I read a blog post ...a couple of weeks ago about grief, supporting friends through grief and an idea called afsoarss. Sophie spoke about how in Pakistan there is a word that describes grieving and empathizing with friends it's called "making afsoarss" She said there doesn't seem to be an English equivalent. The way I understood it is just sitting and being with your friend who is grieving Not necessarily saying anything just being. I'd never heard of the word afsoarss before, but the idea of it resonates with me quite strongly in this time as we go through this time not knowing what is going to happen for our bambino.
In many ways we are grieving. It's a difficult time for us at the moment. We get different information at different times, we don't know what the future is going to hold for our baby. We have to travel to and fro and we are away from our family and friends. We are meeting new people but we aren't to a point in a relationship when you just know each other and don't have to say anything, people want to say nice things but sometimes they end up being a bit awkward, and they say it because they want to be nice and to make them feel better...or feel like they are doing something to help...does that make sense?

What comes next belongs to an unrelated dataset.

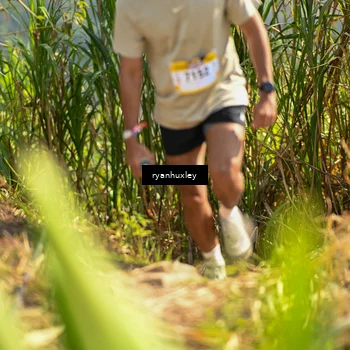 Runner Photo 5276510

A number of years ago a close friend from high school lost her beloved Dad to cancer. I had lost family friends but not someone close like my Dad. I had no idea what to say to her. So I told her that. I don't know what to say, but if there is anything I/we can do let us know and gave her a hug. She told us what she needed and we did it. You can do that with close friends. It doesn't have to be awkward. You don't have to fill the silence with meaningless words, but just be with each other and comfort, make a cup of tea if that's what they need.
I've got to a point where talking about it is easier but it's still pretty exhausting. It's a time to be and just sit and have a hug.